━━ Given data

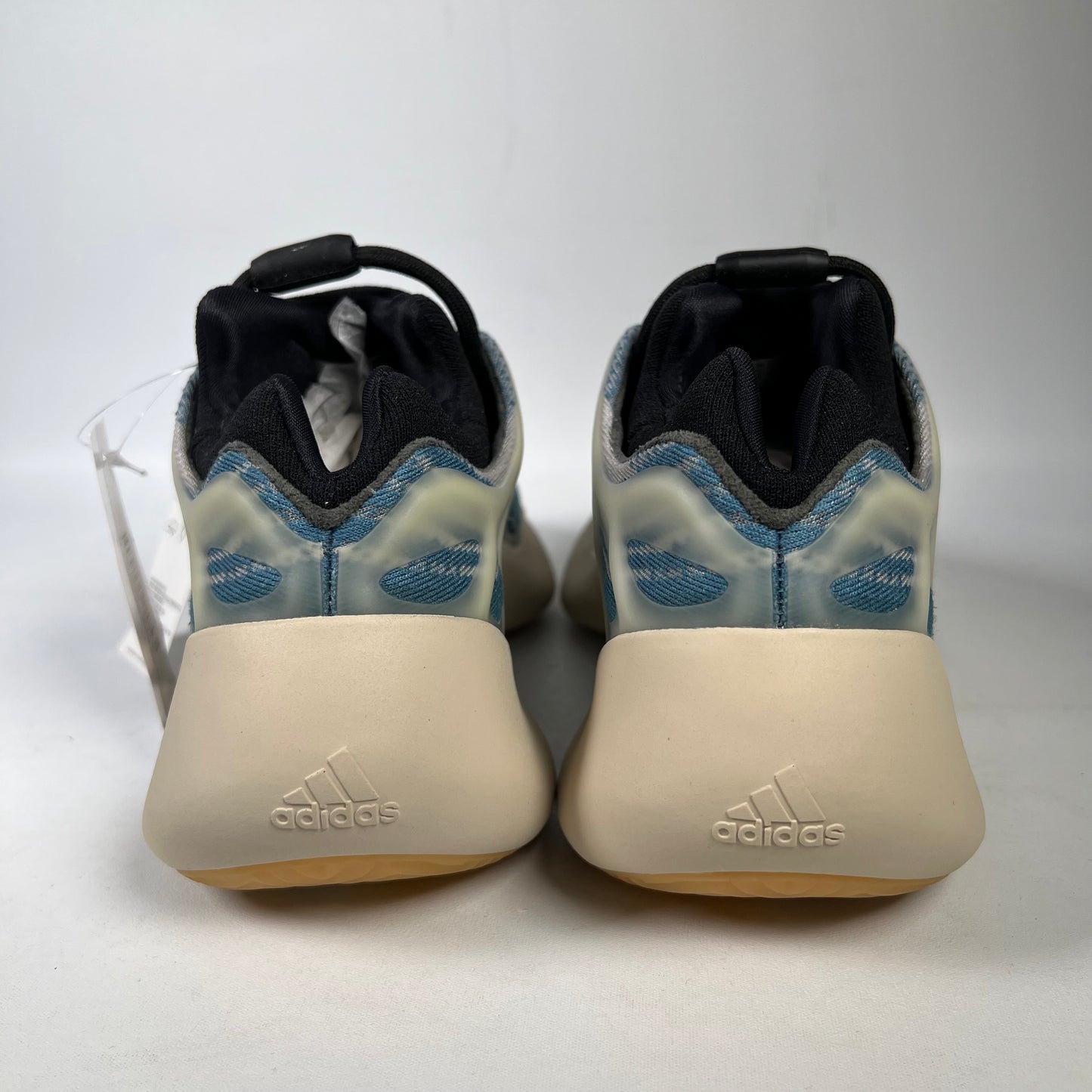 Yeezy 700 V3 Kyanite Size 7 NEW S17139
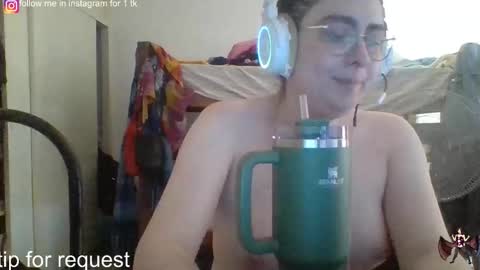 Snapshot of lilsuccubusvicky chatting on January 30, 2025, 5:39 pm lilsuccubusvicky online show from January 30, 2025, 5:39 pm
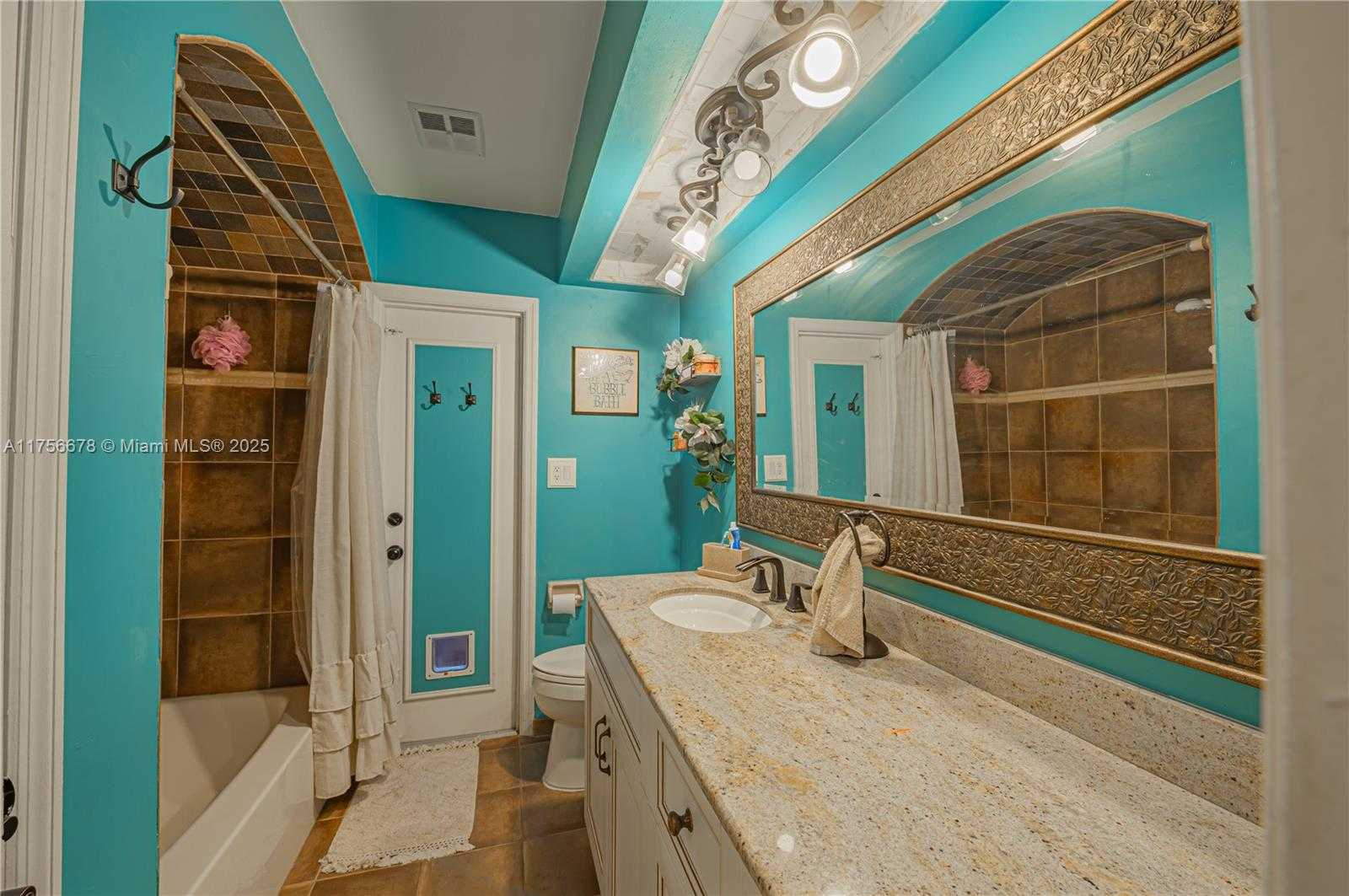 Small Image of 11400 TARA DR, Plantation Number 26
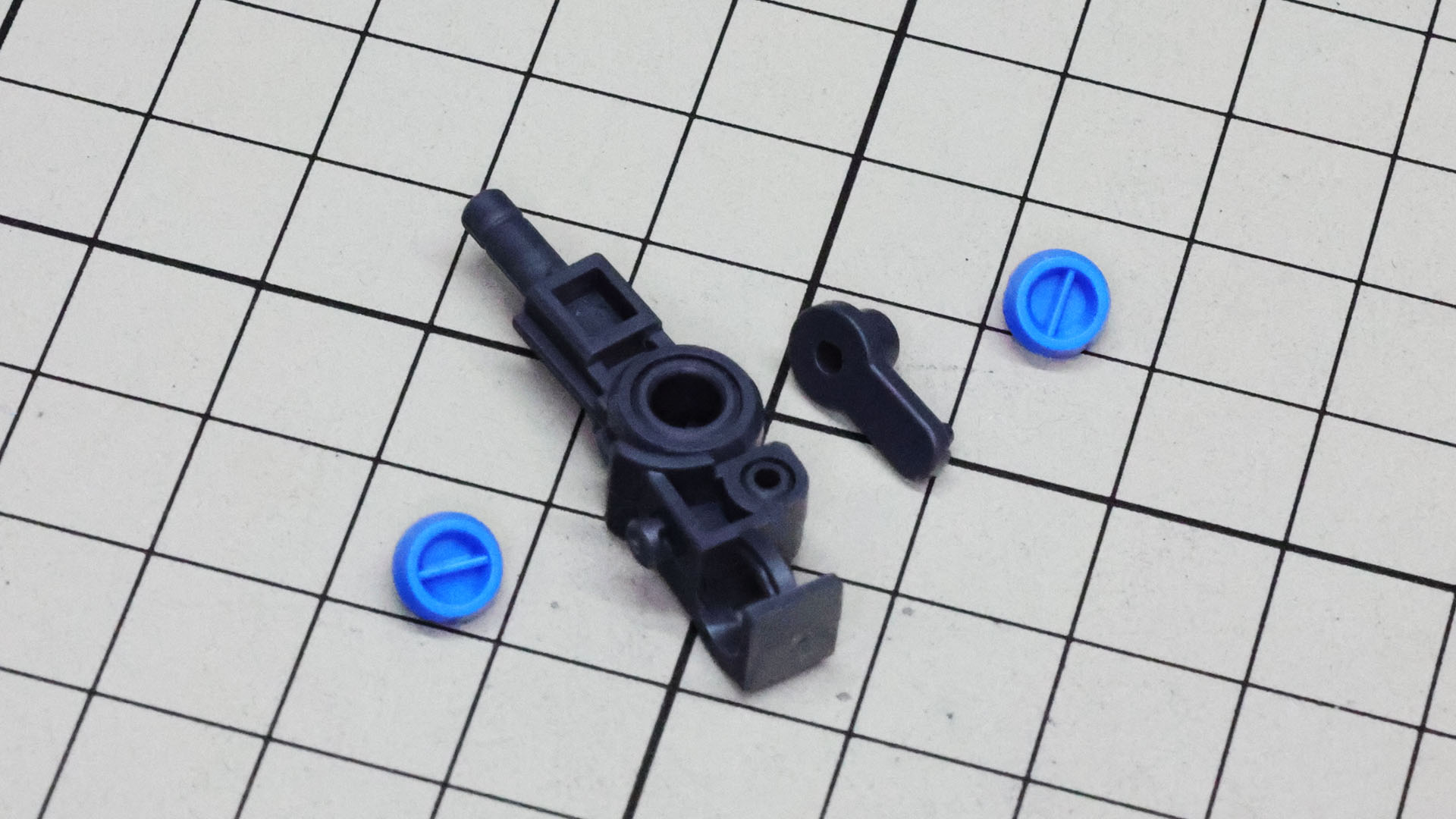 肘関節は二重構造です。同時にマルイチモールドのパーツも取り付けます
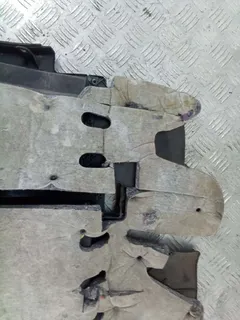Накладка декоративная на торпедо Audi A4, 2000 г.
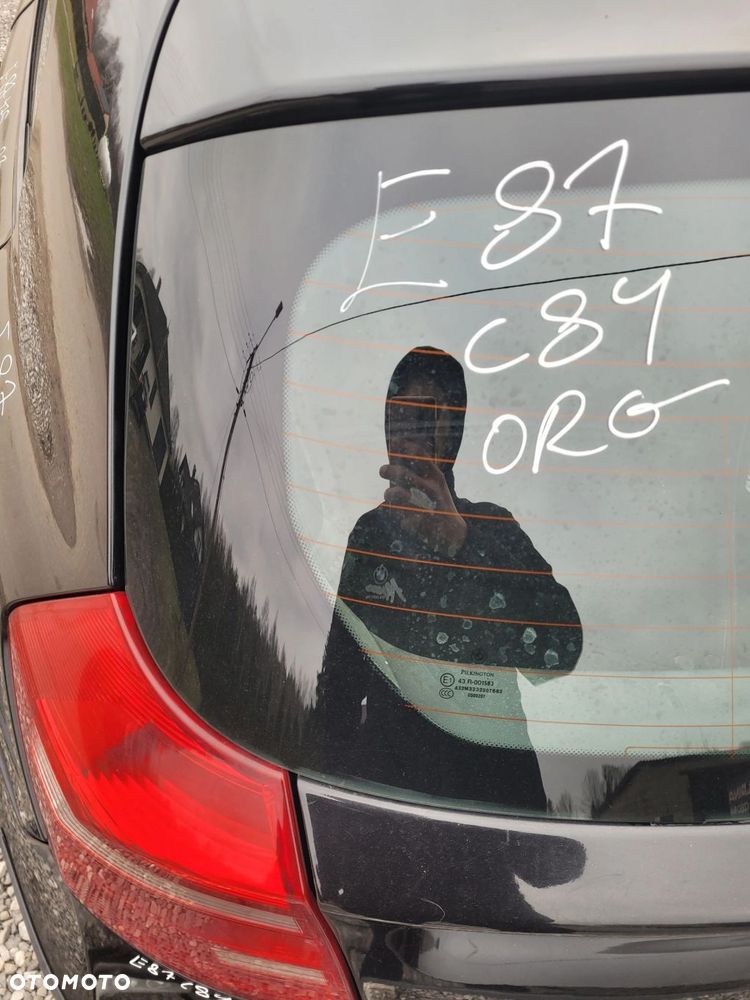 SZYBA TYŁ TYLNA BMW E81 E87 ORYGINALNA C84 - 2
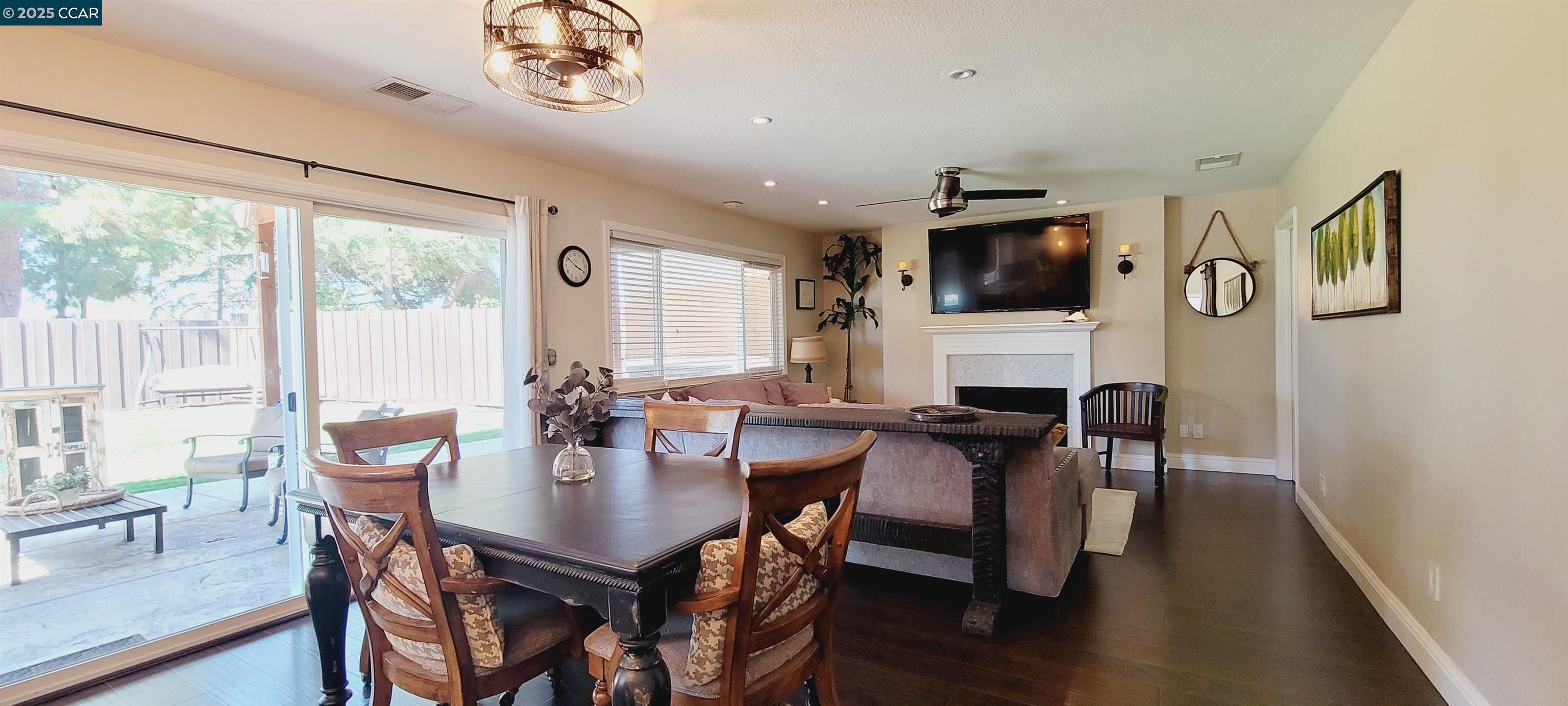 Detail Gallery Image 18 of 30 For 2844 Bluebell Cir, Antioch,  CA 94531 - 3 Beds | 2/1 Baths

━━━━

## [Task details]
Transcribe the records above exactly, leaving every picture out of the copy.

## [Output below]
 Yeezy 700 V3 Kyanite Size 7 NEW S17139
 Snapshot of lilsuccubusvicky chatting on January 30, 2025, 5:39 pm lilsuccubusvicky online show from January 30, 2025, 5:39 pm
 Small Image of 11400 TARA DR, Plantation Number 26
 肘関節は二重構造です。同時にマルイチモールドのパーツも取り付けます
Накладка декоративная на торпедо Audi A4, 2000 г.
 SZYBA TYŁ TYLNA BMW E81 E87 ORYGINALNA C84 - 2
 Detail Gallery Image 18 of 30 For 2844 Bluebell Cir, Antioch,  CA 94531 - 3 Beds | 2/1 Baths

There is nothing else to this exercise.